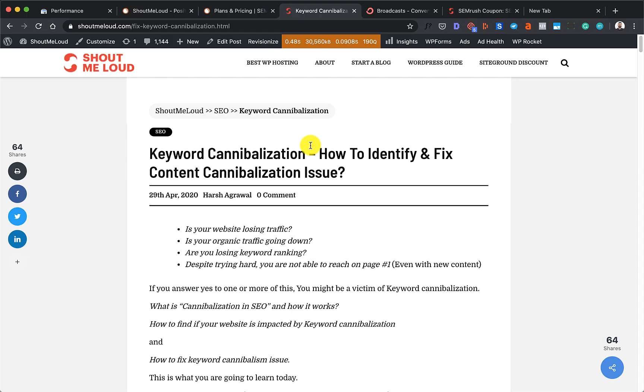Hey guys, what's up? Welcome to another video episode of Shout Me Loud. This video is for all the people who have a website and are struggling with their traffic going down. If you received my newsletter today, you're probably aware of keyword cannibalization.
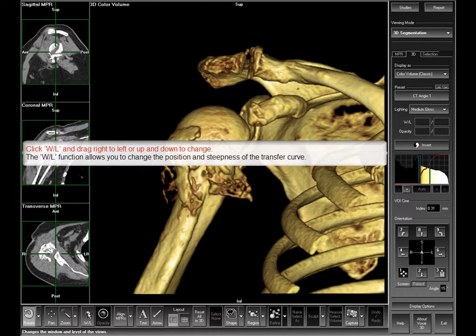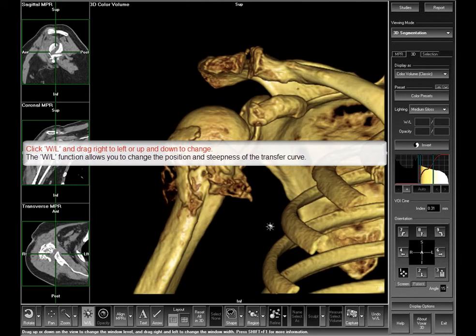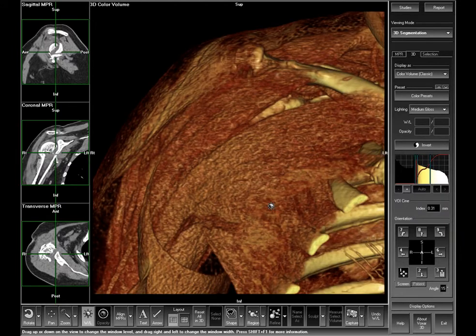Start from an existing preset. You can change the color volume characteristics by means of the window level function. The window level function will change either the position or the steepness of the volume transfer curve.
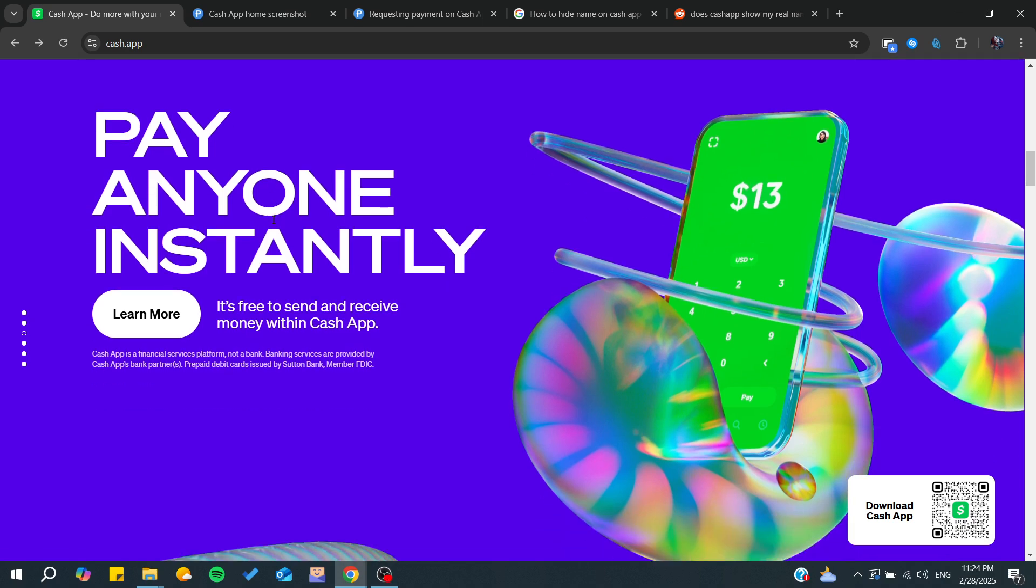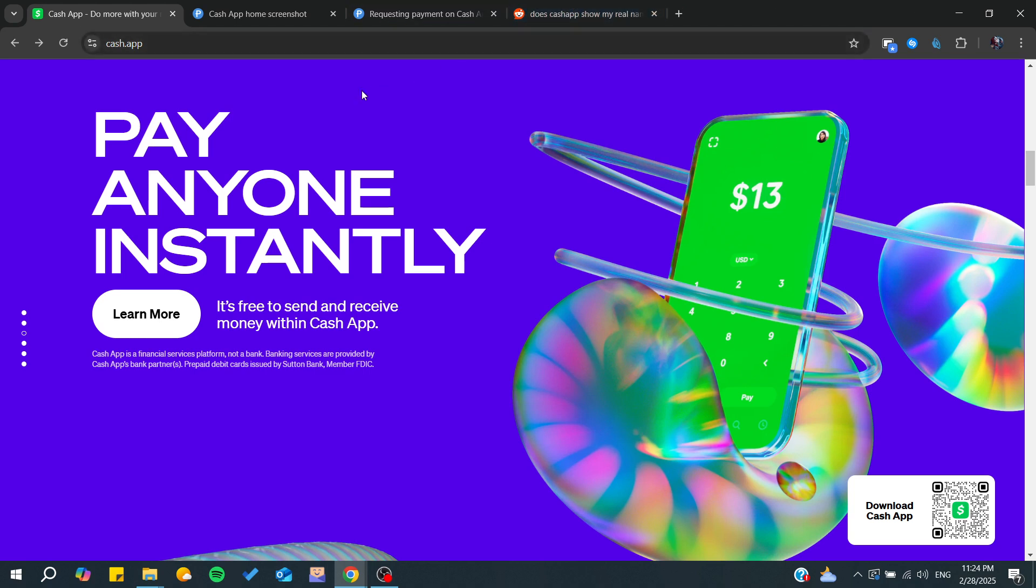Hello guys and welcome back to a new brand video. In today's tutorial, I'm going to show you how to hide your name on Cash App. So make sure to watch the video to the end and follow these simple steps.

==

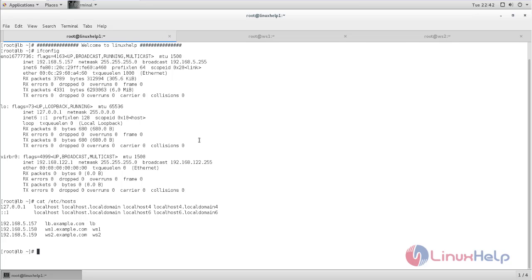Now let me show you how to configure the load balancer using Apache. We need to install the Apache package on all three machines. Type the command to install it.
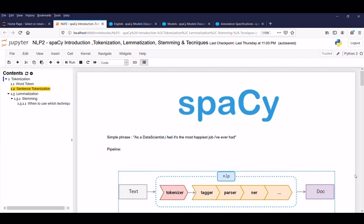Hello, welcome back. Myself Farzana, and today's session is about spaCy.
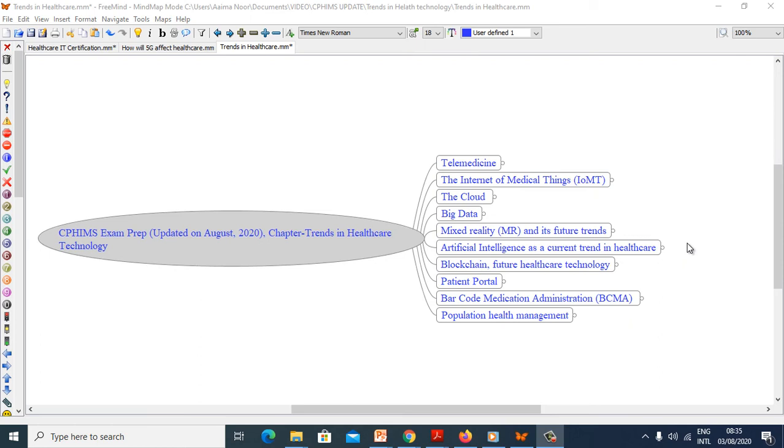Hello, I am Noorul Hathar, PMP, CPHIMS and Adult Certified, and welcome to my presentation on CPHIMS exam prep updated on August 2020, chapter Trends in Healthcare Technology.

Problem details. What you return must match the lines above from the one with "Now let me show" through the one with "Hello, I am" exactly, with both ends included and the pictures excluded.

Answer for the task.
Now let me show you how to configure the load balancer using Apache. We need to install the Apache package on all three machines. Type the command to install it.
Hello, welcome back. Myself Farzana, and today's session is about spaCy.
Hello, I am Noorul Hathar, PMP, CPHIMS and Adult Certified, and welcome to my presentation on CPHIMS exam prep updated on August 2020, chapter Trends in Healthcare Technology.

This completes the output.